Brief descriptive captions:
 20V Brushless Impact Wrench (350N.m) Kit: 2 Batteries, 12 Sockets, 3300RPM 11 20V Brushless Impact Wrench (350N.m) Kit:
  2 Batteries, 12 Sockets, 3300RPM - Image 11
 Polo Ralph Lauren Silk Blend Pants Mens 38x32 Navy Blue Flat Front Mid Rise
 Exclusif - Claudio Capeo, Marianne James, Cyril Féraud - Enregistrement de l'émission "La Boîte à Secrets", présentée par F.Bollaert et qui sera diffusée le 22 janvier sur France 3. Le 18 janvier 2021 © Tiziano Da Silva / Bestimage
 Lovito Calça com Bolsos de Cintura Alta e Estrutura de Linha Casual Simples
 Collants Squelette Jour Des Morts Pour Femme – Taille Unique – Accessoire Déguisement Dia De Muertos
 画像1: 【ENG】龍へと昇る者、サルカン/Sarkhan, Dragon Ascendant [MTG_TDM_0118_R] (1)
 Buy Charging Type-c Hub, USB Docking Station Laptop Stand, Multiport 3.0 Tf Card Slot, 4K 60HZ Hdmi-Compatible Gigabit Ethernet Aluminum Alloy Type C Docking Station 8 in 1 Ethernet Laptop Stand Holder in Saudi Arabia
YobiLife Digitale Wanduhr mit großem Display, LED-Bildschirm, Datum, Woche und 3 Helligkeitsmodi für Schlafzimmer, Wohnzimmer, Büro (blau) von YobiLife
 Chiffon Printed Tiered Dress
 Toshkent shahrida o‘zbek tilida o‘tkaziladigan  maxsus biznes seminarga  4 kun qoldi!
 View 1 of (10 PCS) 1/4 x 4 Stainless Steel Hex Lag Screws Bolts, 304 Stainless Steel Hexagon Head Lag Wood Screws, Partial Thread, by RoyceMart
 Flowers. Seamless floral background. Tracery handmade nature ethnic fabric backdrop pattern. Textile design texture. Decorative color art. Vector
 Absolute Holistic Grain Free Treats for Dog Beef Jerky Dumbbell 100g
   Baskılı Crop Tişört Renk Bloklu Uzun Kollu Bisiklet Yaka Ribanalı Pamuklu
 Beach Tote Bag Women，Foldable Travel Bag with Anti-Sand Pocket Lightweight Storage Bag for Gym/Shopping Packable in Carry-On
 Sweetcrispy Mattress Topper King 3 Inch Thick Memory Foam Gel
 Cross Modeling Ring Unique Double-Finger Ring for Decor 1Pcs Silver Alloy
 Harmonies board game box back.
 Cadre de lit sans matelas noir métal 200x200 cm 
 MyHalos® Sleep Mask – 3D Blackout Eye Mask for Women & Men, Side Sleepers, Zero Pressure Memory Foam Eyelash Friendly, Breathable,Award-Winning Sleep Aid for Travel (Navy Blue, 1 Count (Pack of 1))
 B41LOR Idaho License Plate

▶ **DIRECTIONS**: Could you transcribe the entries above word for word, from the line with "Exclusif - Claudio" down to the line with "画像1: 【ENG】龍へと昇る者、サルカン/Sarkhan, Dragon", keeping both?

▶ **YOUR SOLUTION**:
 Exclusif - Claudio Capeo, Marianne James, Cyril Féraud - Enregistrement de l'émission "La Boîte à Secrets", présentée par F.Bollaert et qui sera diffusée le 22 janvier sur France 3. Le 18 janvier 2021 © Tiziano Da Silva / Bestimage
 Lovito Calça com Bolsos de Cintura Alta e Estrutura de Linha Casual Simples
 Collants Squelette Jour Des Morts Pour Femme – Taille Unique – Accessoire Déguisement Dia De Muertos
 画像1: 【ENG】龍へと昇る者、サルカン/Sarkhan, Dragon Ascendant [MTG_TDM_0118_R] (1)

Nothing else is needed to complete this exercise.